In the entries that follow, find the line containing "MD传媒(méi)免费进(jìn)入在线观看" and the line containing "[赛贝23-1488] Keener律所代理Wrap Dispenser包装分配器起诉！已通过TRO！", then copy exactly everything from the first through the second except the pictures.
----- RECORD SET
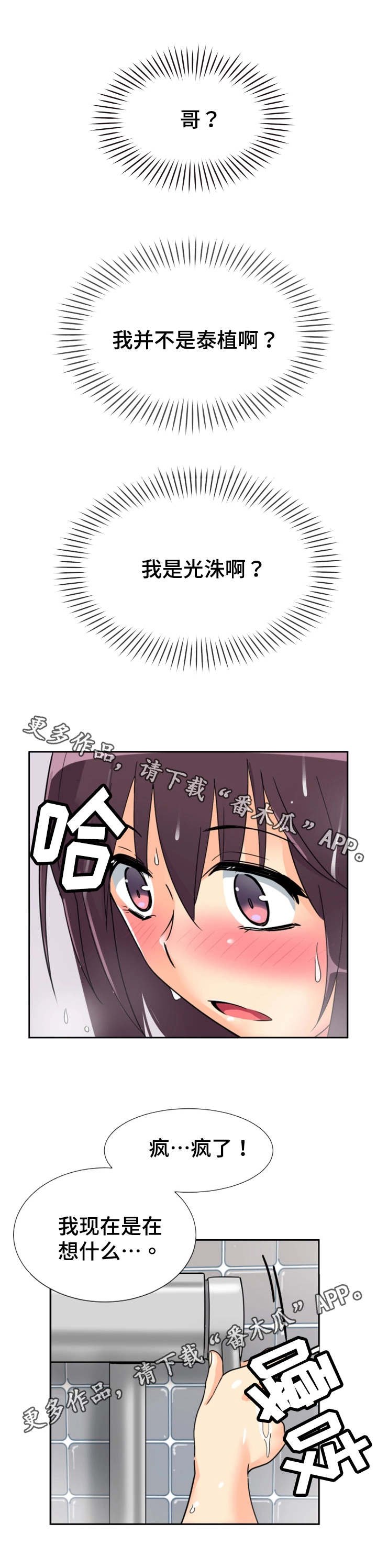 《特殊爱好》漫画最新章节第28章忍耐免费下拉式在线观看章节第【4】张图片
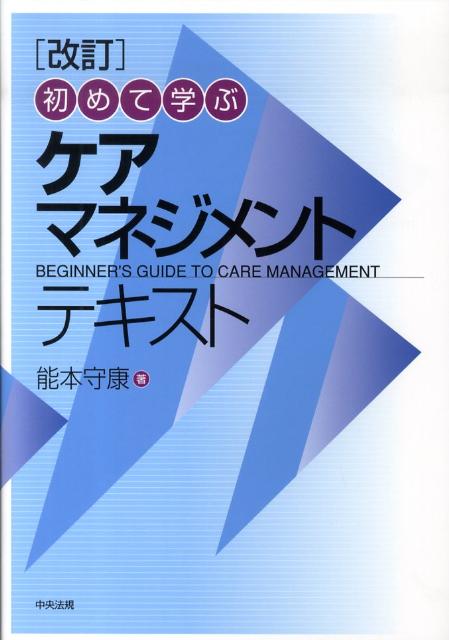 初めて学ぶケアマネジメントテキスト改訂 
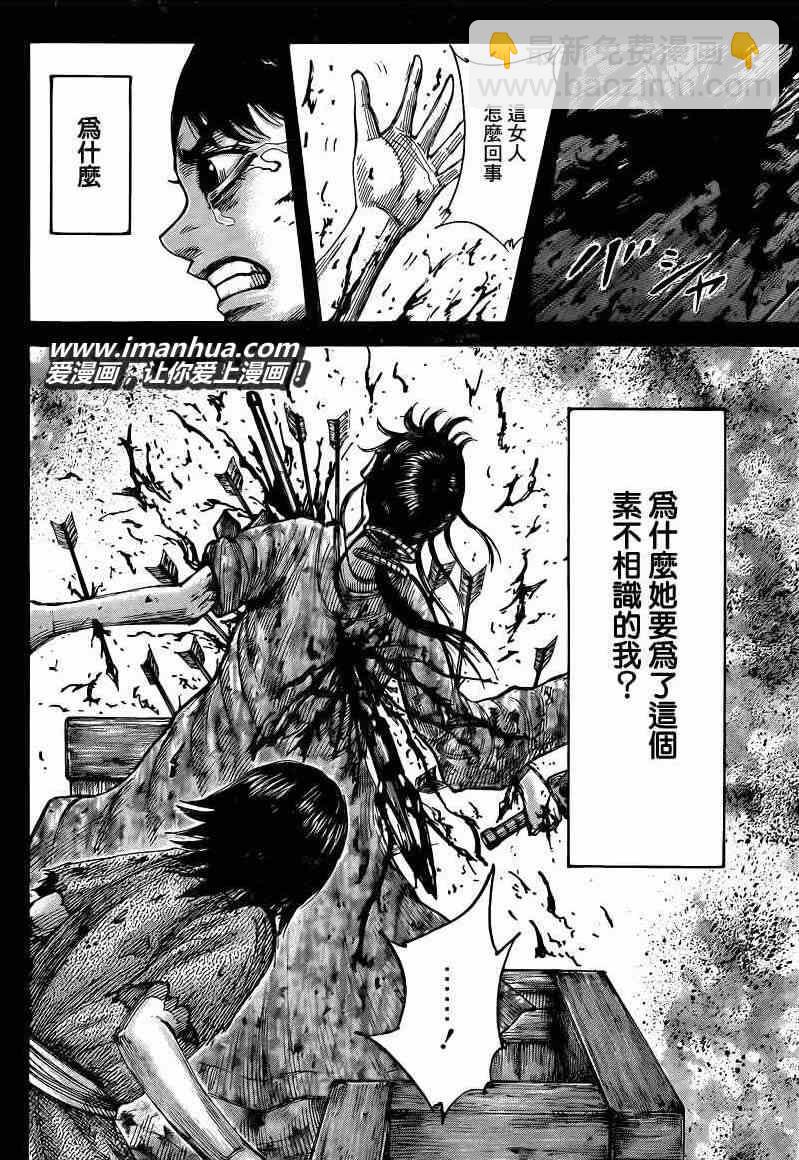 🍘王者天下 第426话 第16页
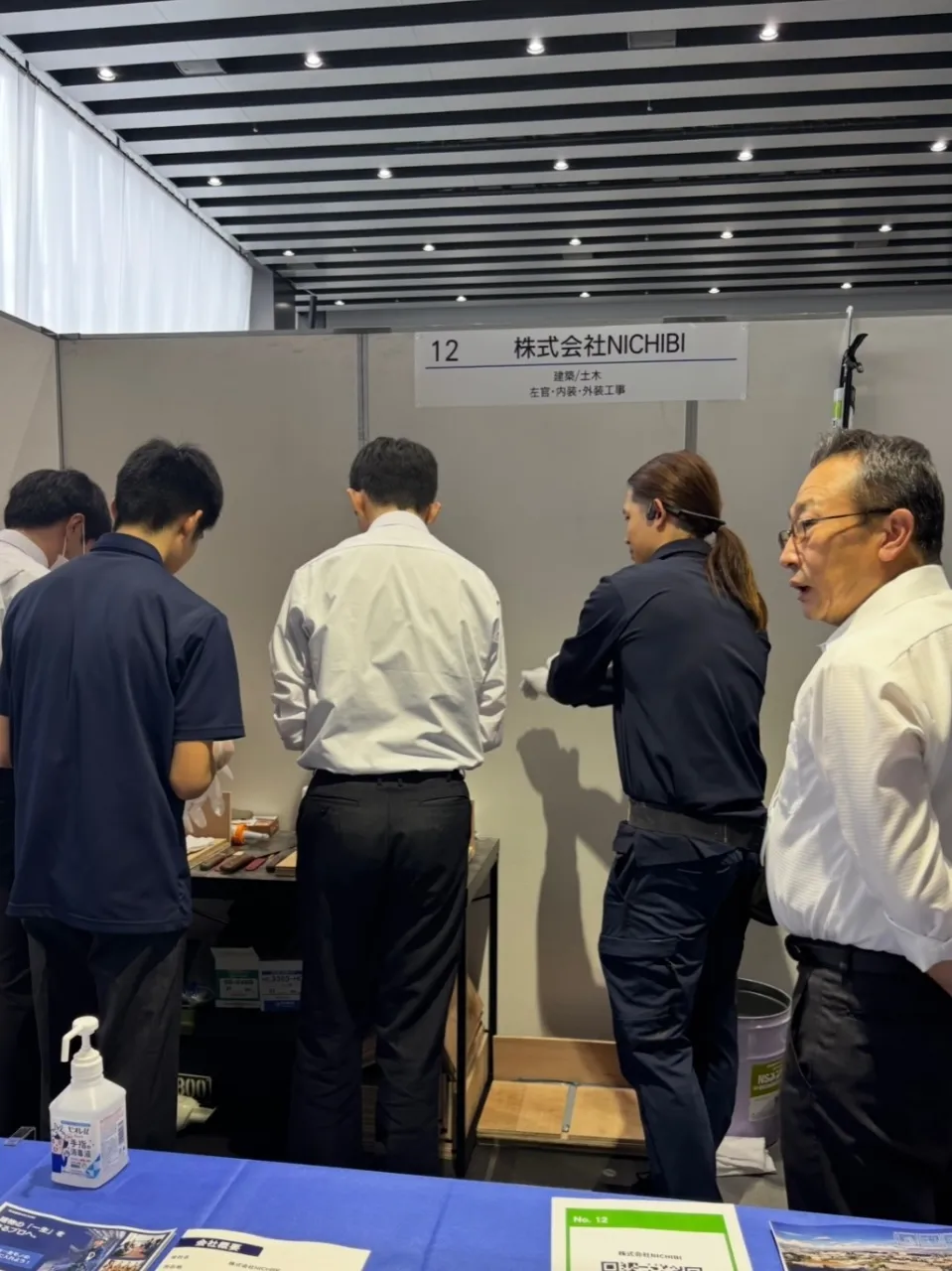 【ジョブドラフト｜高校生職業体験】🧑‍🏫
----------
----- RECORD SET
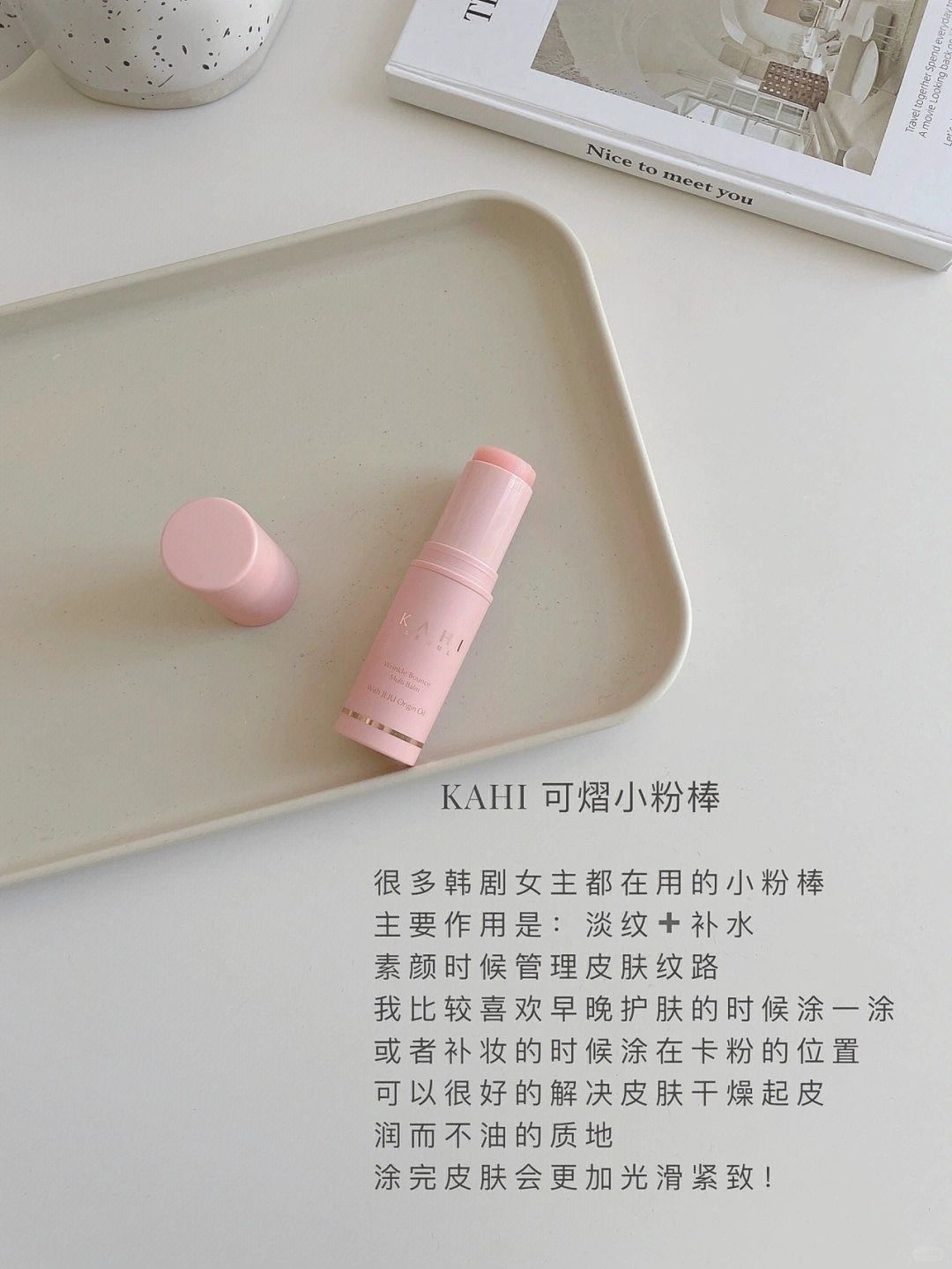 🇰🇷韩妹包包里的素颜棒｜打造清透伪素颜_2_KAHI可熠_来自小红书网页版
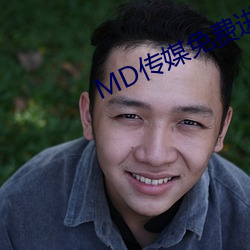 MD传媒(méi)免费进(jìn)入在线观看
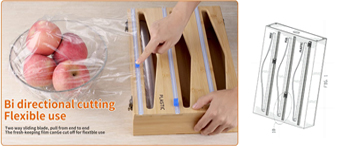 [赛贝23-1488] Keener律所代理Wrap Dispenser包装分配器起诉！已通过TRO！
----------
SOLUTION TO THE EXERCISE ->
 MD传媒(méi)免费进(jìn)入在线观看
 [赛贝23-1488] Keener律所代理Wrap Dispenser包装分配器起诉！已通过TRO！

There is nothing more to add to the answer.